Task description:
Only the lines from the one containing "T-RGH 300 Andes" through the last line of the material should be copied, exactly as written and without pictures.

Information provided:

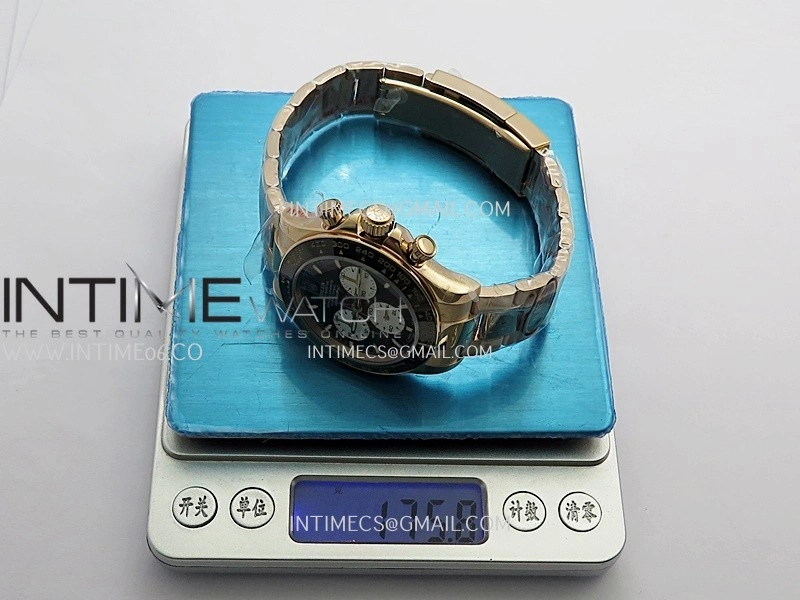 Daytona 126525 Le Mans Gain Weight QF 1:1 RG Black Dial On RG Bracelet SH4132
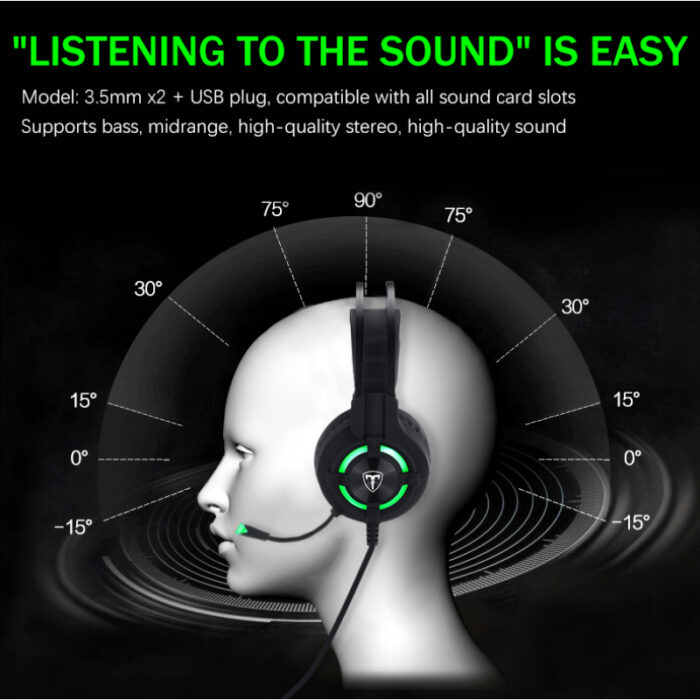 T-RGH 300 Andes Wired Stereo Gaming Headset - Image 8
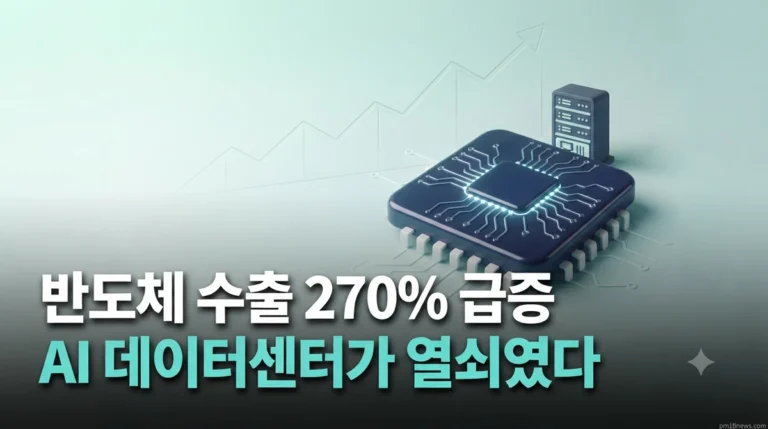 반도체 수출 270% 급증, AI 데이터센터가 열쇠였다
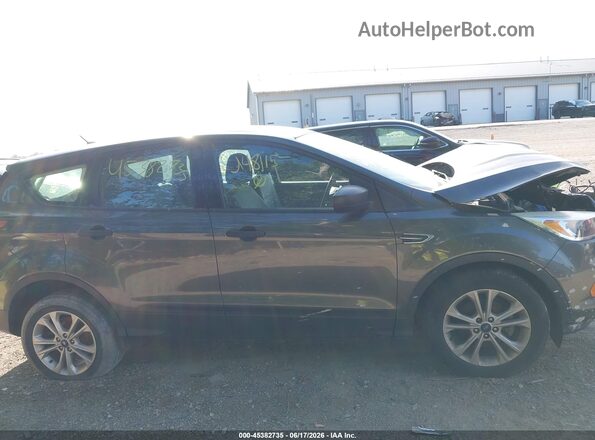 1FMCU0F75HUA48115 2017 FORD ESCAPE Gray Vista del cuadro de instrumentos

Expected answer:
 T-RGH 300 Andes Wired Stereo Gaming Headset - Image 8
 반도체 수출 270% 급증, AI 데이터센터가 열쇠였다
 1FMCU0F75HUA48115 2017 FORD ESCAPE Gray Vista del cuadro de instrumentos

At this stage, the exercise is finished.